After watching Landscape Man we were inspired to rush out and hire diggers to create a canyon in our back yard.  Nobody warned us that this was going to cost far more than our allocated makeover budget of a 'Groundforce' £500  OR that the canyons were likely to collapse entombing  our next-door neighbour and his cat in a sea of mud and shingle.

Who can we sue?

Yours sincerely

Albert Phuquit

Dear Mr. Phuquit

I think under these particular circumstances you need to take some responsibility for your own actions.  After all it's not like your backyard disappeared under a cloud of volcanic ash.

Shore up the canyons with some chicken wire, plant a few cacti, call it a 'desert garden' and charge people an entrance fee of £50 to view it.  You should soon recoup some of your losses.


My dearest Arabella

It would seem my new series has gone down well with only a few voices of dissent from the usual suspects. However, I was slightly stung by criticism that I was talking to the 'unseen person to the right of the cameraman' rather than direct to audience.  After watching America's Next Top Model I have been keen to get my 'angles' right in order to display my manly, rugged features and firm chin to their best advantage.  I am convinced this profile to camera is my best one but I also want to connect with my audience.  What can I do?

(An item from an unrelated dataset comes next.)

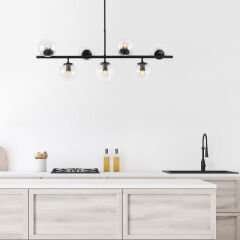 Aydinlatmadunyam Avize Black Fazli-10530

My deepest affection to you
The Accessible Antonio Badgerass

Dear Matthew (for it is he)

As a viewer I was pleased to see that your face could take a close-in camera shot without being too frightening.  I wouldn't worry too much about camera angles as a lot can be done with make-up or a close shave.

I do think that the 'angst' of the situation was a little heavily played on.  Remember that Tyra Banks always tells the models to "smize" (smile with your eyes) and a bit more smizing from you wouldn't have gone amiss - after all it wasn't like anyone had fallen off their digger or had a canyon collapse on them.


Dear Madam Sock

Keith Wiley's garden may have been full of flowers but it isn't art and therefore he can't charge £50 for people to look at it.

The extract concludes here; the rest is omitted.